Share your dilemmas and get honest opinions from other Mumsnetters.

To wonder why office jobs are the default for the middle classes

275 replies

KrispyKremeDream · 11/11/2021 18:58

I wonder if this is related to days past when manual labour was the reserve of the working class.

Having moved into the construction sector four years ago I was surprised how much a lot of skilled manual workers get paid. For instance, my company are currently desperate for surfacers to lay tarmac and they just can't seem to find enough for love nor money, despite paying £180 a day plus overtime.

Annually that works out at about £47k for eight hour days with absolutely no work taken home, which is a fair bit more than the national average and more than the average for a good few professional jobs. For example, the UK average for an accountant is only £35k having looked at about five different salary sites. One site listed the average at £42k. Up to £12k less than a groundworker.

I wonder if it's the perception of 'white van men' etc which we frequently see on here. There certainly seems to be a different view of these types of jobs which is evident in the shock horror threads about 'a builder asked to use the toilet'. I always reflect that the OP would likely not have been so aghast had her accountant asked if they could use the loo.

Same with truck driving jobs. Massive shortage and salaries well over £50k. In spite of this I still see much talk of 'making university mire accessible for WC people'. I'm not disagreeing that it should be an option for anybody who wants to go, but there are so many fork lift drivers out there on £18k who could easily transition to driving trucks and already have decent knowledge of warehousing and how deliveries/logistics work. These people could easily be on £50k+ with just a few weeks training to get the licenses - a lot of companies are desperate enough to take fresh passes and don't even enforce the two years experience anymore.

It just seems odd to me that there's so little focus on easy wins like this. Is it because this is just an area that politicians and most professionals don't really understand? It just seems odd to me.

OP posts:
icedcoffees · 11/11/2021 19:59

I do a physical, outdoors job. One that's often listed on here as something anyone can do to earn some extra cash. Yet I see so many people try it and give up once they realise how relentless it can be.

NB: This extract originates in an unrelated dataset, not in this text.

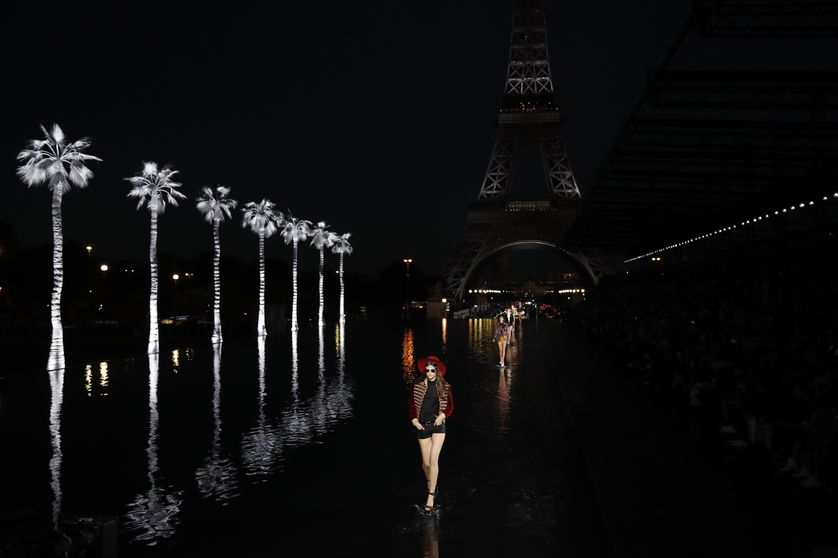 Défilé Yves Saint-Laurent pendant la fashion week de Paris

I'm a dog walker. I run my own business. I earn around £100 a day working 4.5 hours a day on average, which is around £20 an hour, give or take. Lots of people think it's a nice, cushy job with great hours and good earnings.

And it is.

But I work in all weathers. I'm outside in 50mph winds, driving rain and mud up to my knees. My car takes a battering - it's constantly covered in a coating of mud, sand, grass and dog hair. My clothes get absolutely filthy. I come home covered in sweat, slobber, dog hair, mud, paw-prints and more.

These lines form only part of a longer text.